**Assignment**
Print the data exactly. Pictures stay out.

**Stored data**

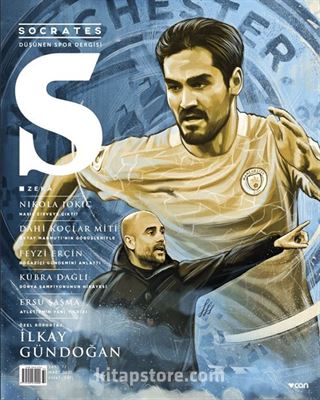 Socrates Düşünen Spor Sayı:72 Mart 2021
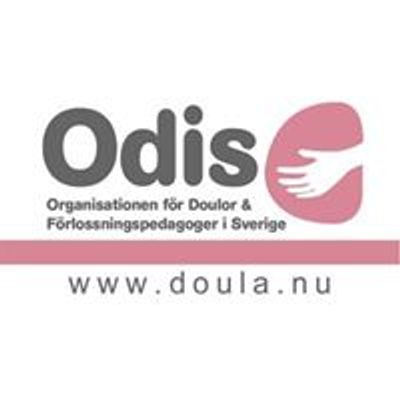 Odis organisationen f\u00f6r Doulor och F\u00f6rlossningspedagoger i Sverige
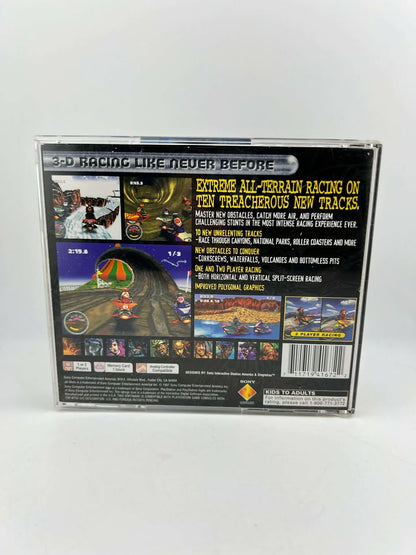 Jet Moto 2 Playstation PS1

**Solved problem**
 Socrates Düşünen Spor Sayı:72 Mart 2021
 Odis organisationen f\u00f6r Doulor och F\u00f6rlossningspedagoger i Sverige
 Jet Moto 2 Playstation PS1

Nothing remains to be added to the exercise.